Chicken or Pixel, Which Came First?
I often ask those on workshops with me, which came first, the chicken or the pixel? What do I mean by that question? We need to understand what the computer can do when we’re at the camera. We need to know what the camera did when we’re at the computer. They are both computers and the one thing all computers love is data. The more data a computer has, the more the information it can provide us when we ask the right questions. This is so true of digital photography. Since the camera is the computer with the greatest amount of input (the world we see in the viewfinder), the more data we gather of the real world and faithfully gather it, the more the digital darkroom computer has to work with. It’s really simple math, that we complicate with things like f/stop and shutter speed. But it all translates how successfully we see the world with our emotions when shooting to the emotions evoked in the final image.

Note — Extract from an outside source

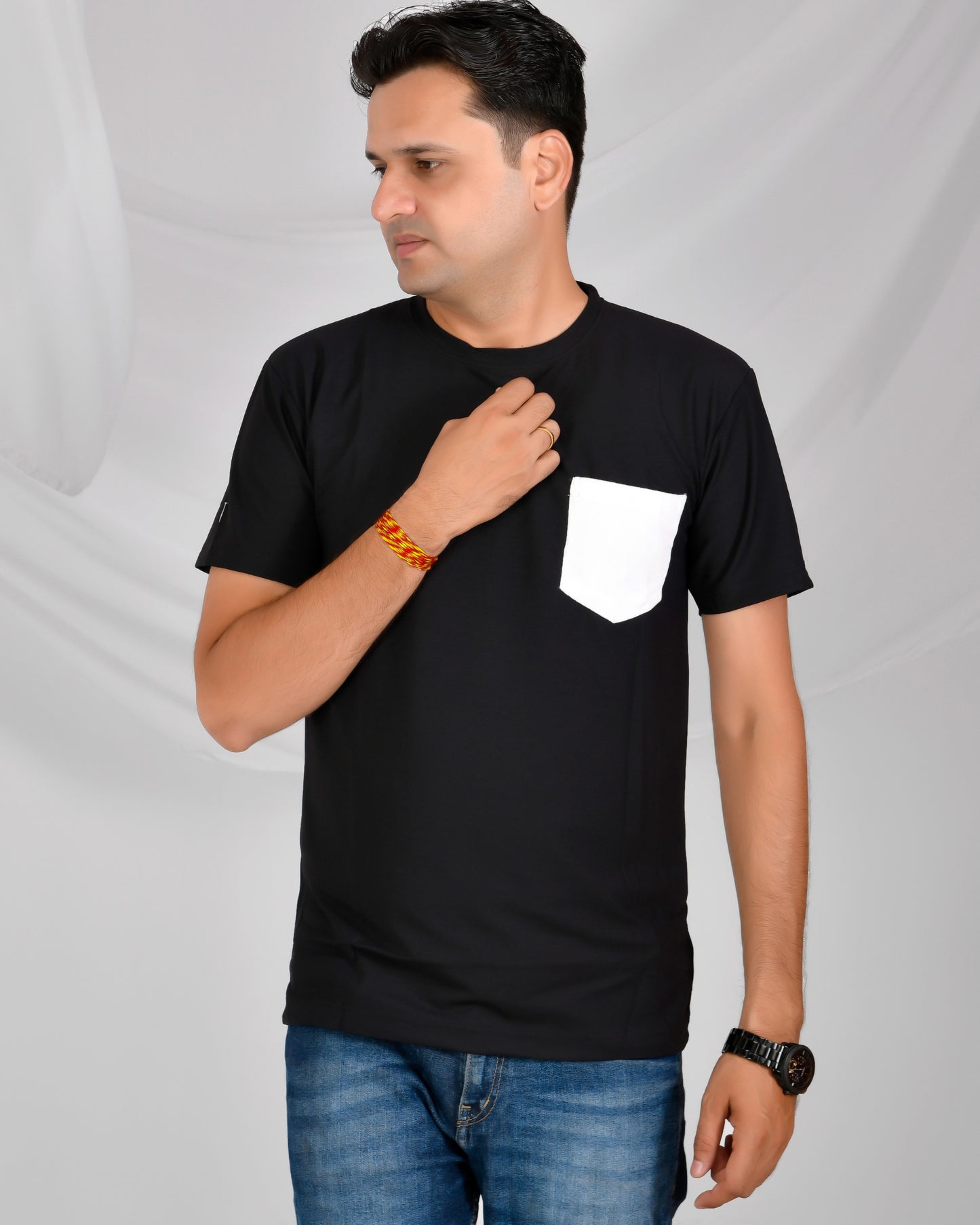 Noble Mars Round Neck T-Shirt Black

I put this image up as an example of what I mean that I just took at the Grand Canyon with the D850 / 70-200f4. The bottom photo represents how the camera’s computer captured the view without input from me, the photographer. There is a reason why I call the camera a “cold-hearted bastard” and that’s because it has no Romance Menu Setting. The warmth comes from (all done at the camera) my dialing in a WB of 10k, -3 Exp Comp with the Standard Tone Curve. This is all based on the light I SAW falling on the sceen and the story I wanted to tell. Yes, I know that many will argue you can do this all in post which is true. Being a craftsman and understanding the Sum of All the Parts, I will always do this all in the camera because that’s what a photographer does. In that way when I go to the computer and I want to apply DeHaze, I maximize my results, my quality so if all done correctly, the image simply reaches out and grabs heartstrings. The process in my mind though remains the same, the chicken of the pixel, which came first?